Vishal Shekhavat: I have two self-occupied houses, one in Noida and the other in my home town Jaipur, and I have taken home loans for both. Can I now claim two house properties as self-occupied for tax purposes?
Divya Baweja, Partner at Deloitte India, replies:
As per the Finance Act, 2019, an amendment was made under Section 23 of the Income Tax Act, 1961, allowing an individual to own two house properties as self-occupied. And the aggregate deduction for principal repayment could be up to Rs 1,50,000 under Section 80C if the home loan has been taken from a specified organisation for purchase or construction of a residential house property. But unless you are using both properties for personal occupation, the tax benefit under the new provision will not be applicable. Consequently, notional rent (for one property) will kick in and you will have to pay tax on that. However, if you stay in a rented house and do not let out either of the properties you own, they will be considered as self-occupied. Also, any real income from any of these properties will come under 'income from house property' and will be taxable.

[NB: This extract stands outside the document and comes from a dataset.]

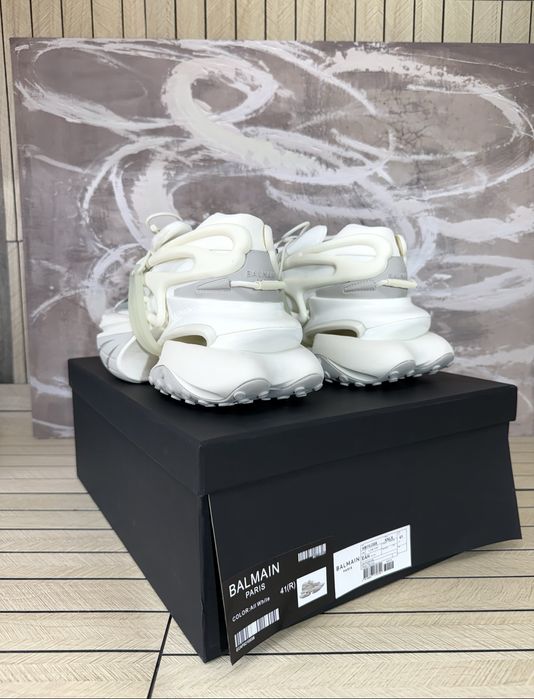 Balmain Unicorn Triple White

Sameer Singhal: Four years ago, I bought my car for Rs 8 lakh. I have been paying for auto insurance since then but have not made any claim. The resale value of the vehicle is around Rs 4.5 lakh. But I have kept the insured declared value (IDV) at Rs 5 lakh to be fully protected against theft. Will the insurer pay me the full IDV if the car gets stolen?
P. Ramesh Venugopal, Executive Vice President (Claims) at IFFCO-Tokio General Insurance, replies:
IDV of a vehicle is determined as per the manufacturer's listed selling price at the time of purchase after applying depreciation wherein the vehicle's age is taken into consideration. The value is determined based on the General Insurance Council regulation; the market value of the car does not prompt it. It is the 'sum insured' in case the car is stolen or damaged beyond repair in an accident. You can decide on the IDV at the time of policy purchase and it remains valid throughout the tenure. In case of theft, the entire IDV is payable to the insured after applying the deductibles under the policy. As for damage, the insurer may pay less, depending on the restoration cost.